Drug Guide

Generic Name

Digoxin

Brand Names Lanoxin, Lanoxin Pediatric, Lanoxicaps, Digoxin Pediatric

Classification

Therapeutic: Cardiac glycoside, Antiarrhythmic

Pharmacological: Inhibitor of Na+/K+-ATPase

FDA Approved Indications

  • Heart failure, atrial fibrillation, atrial flutter

Mechanism of Action

Inhibits sodium-potassium ATPase enzyme, leading to an increase in intracellular calcium in cardiac cells, which enhances cardiac contractility and modifies electrical conduction in the heart.

Dosage and Administration

Adult: Typically 0.125 to 0.25 mg once daily, adjusted based on response and serum levels.

Pediatric: Dosing varies by age and weight; typically 10-15 mcg/kg daily divided into multiple doses.

Geriatric: Start at lower doses due to increased sensitivity and renal impairment, usually 0.125 mg once daily.

Renal Impairment: Lower doses are generally advised; serum levels should be monitored closely.

Hepatic Impairment: No specific dose adjustment recommended, but caution advised.

Pharmacokinetics

Absorption: Well absorbed orally, with 70-80% bioavailability.

Distribution: Widely distributed in body tissues, crosses placenta, enters breast milk.

Metabolism: Minimal hepatic metabolism; primarily excreted unchanged in urine.

Excretion: Renal excretion; dose adjustments needed in renal impairment.

Half Life: Approximately 36-44 hours in adults; shorter in children.

Contraindications

  • Ventricular fibrillation
  • Uncorrected severe hypertension

Precautions

  • Use cautiously in renal impairment, hypokalemia, hypomagnesemia, or hypercalcemia; monitor serum levels regularly.
  • Pregnancy Category C; use only if clearly needed; consider fetal risks.

Adverse Reactions - Common

  • Nausea (Common)
  • Visual disturbances (blurred or yellow vision) (Common)
  • Fatigue (Common)

Adverse Reactions - Serious

  • Arrhythmias, including ventricular arrhythmias (Serious)
  • Heart block (Serious)
  • Digoxin toxicity which may present with gastrointestinal symptoms, visual disturbances, and heart rhythm changes (Serious)

Drug-Drug Interactions

  • Diuretics (increase risk of hypokalemia),
  • Beta-blockers and calcium channel blockers (additive negative chronotropic effects),
  • Amiodarone (increases digoxin levels)

Drug-Food Interactions

  • High-fiber foods (can decrease absorption)

Drug-Herb Interactions

N/A

Nursing Implications

Assessment: Monitor apical pulse for 1 minute before administering; assess for signs of toxicity.

Diagnoses:

  • Risk for electrolyte imbalance related to diuretic use or other factors.

Implementation: Administer after checking pulse, monitor serum digoxin levels, electrolytes, renal function.

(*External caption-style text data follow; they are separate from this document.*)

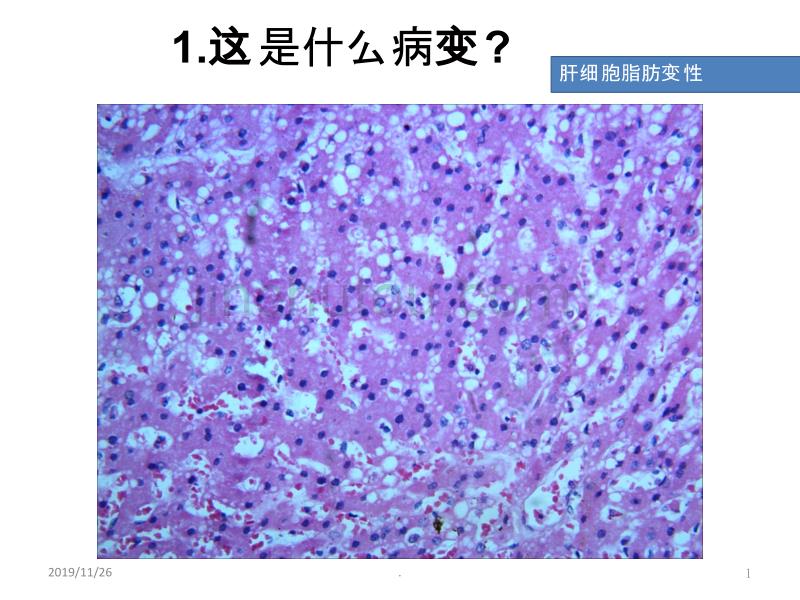 病理切片考试复习PPT课件.ppt_第1页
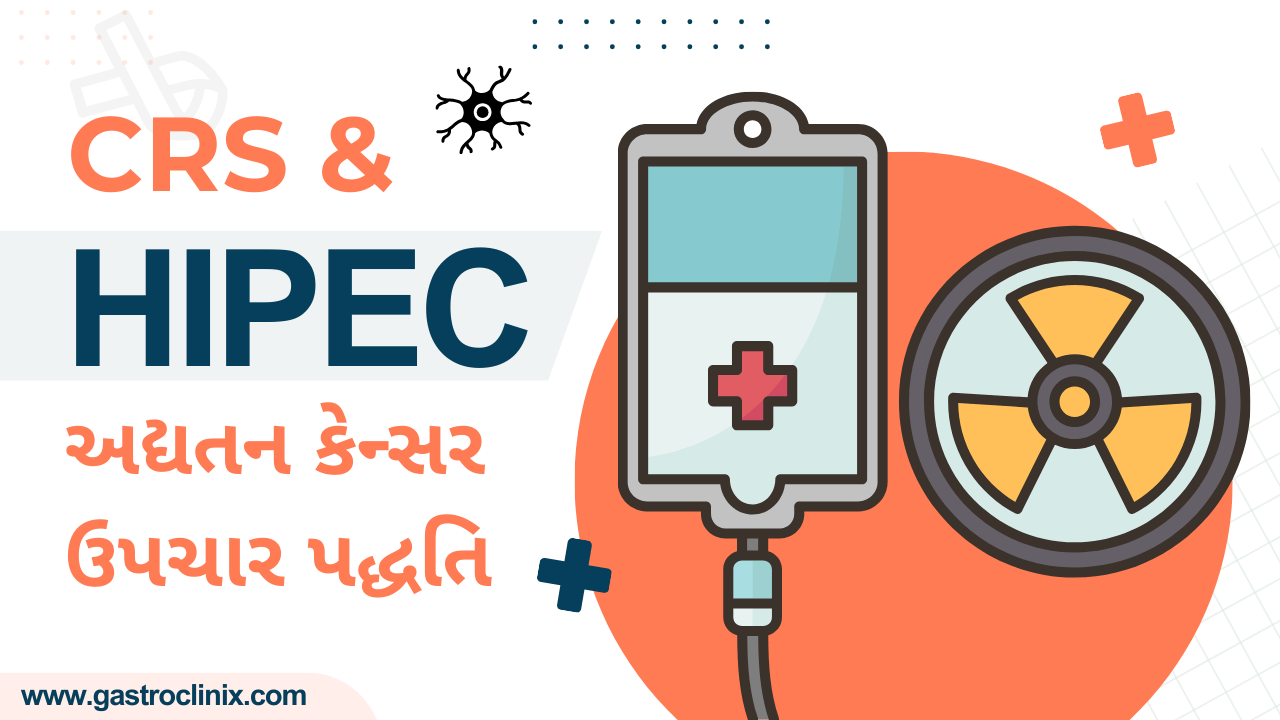 CRS અને HIPEC સર્જરી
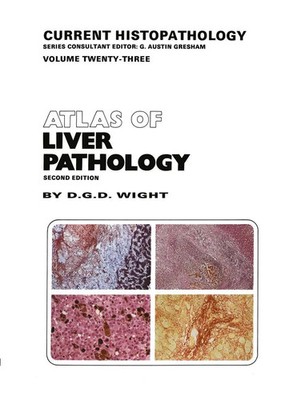 D. G. Wight | Atlas of Liver Pathology | Taschenbuch | Englisch (2012) | 189 S.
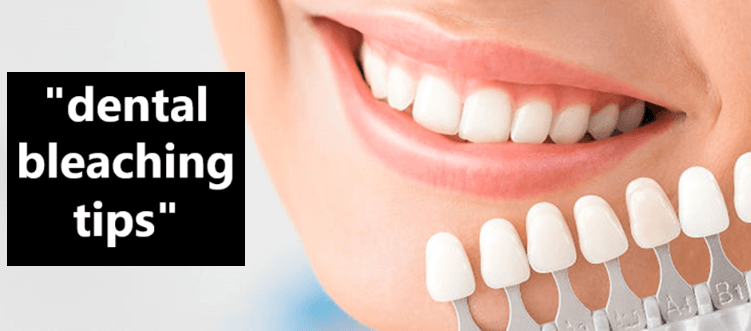 Dental Bleaching Tips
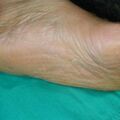 misuse_banjil020805-2.jpg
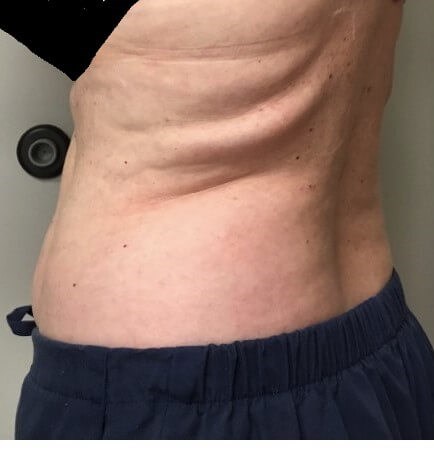 truSculpt iD 3 Before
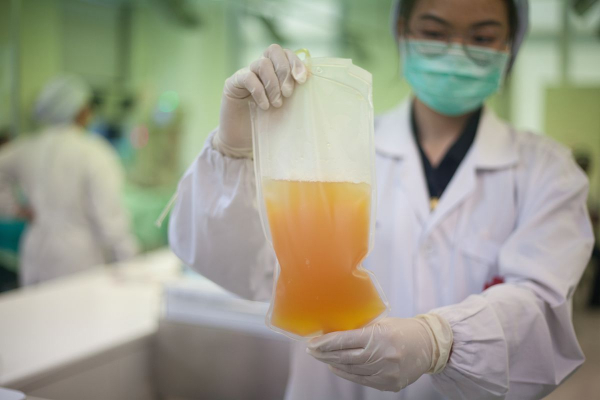 Nurse inspecting blood bag with platelets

Evaluation: Assess for therapeutic response (improved heart failure symptoms, controlled arrhythmias) and toxicity signs.

Patient/Family Teaching

  • Do not change dose or medication without healthcare provider’s guidance.
  • Report symptoms of toxicity: nausea, vomiting, visual changes, dizziness, irregular heartbeat.
  • Maintain consistent dietary intake, especially of fiber and potassium-rich foods.

Special Considerations

Black Box Warnings:

  • Potentially serious or fatal arrhythmias and toxicity

Genetic Factors: Variations in genes related to drug metabolism may affect serum levels.

Lab Test Interference: Can interfere with assays for serum iodine, biotin, and other lab tests.

Overdose Management

Signs/Symptoms: Nausea, vomiting, dizziness, visual disturbances, arrhythmias, bradycardia.

Treatment: Discontinue digoxin, administer activated charcoal if recent ingestion, correct electrolyte imbalances, and use digoxin-specific antibody fragments (Digibind) in severe toxicity.

Storage and Handling

Storage: Store at room temperature, away from moisture and light.

Stability: Stable until the expiration date printed on the packaging.

This guide is for educational purposes only and is not intended for clinical use.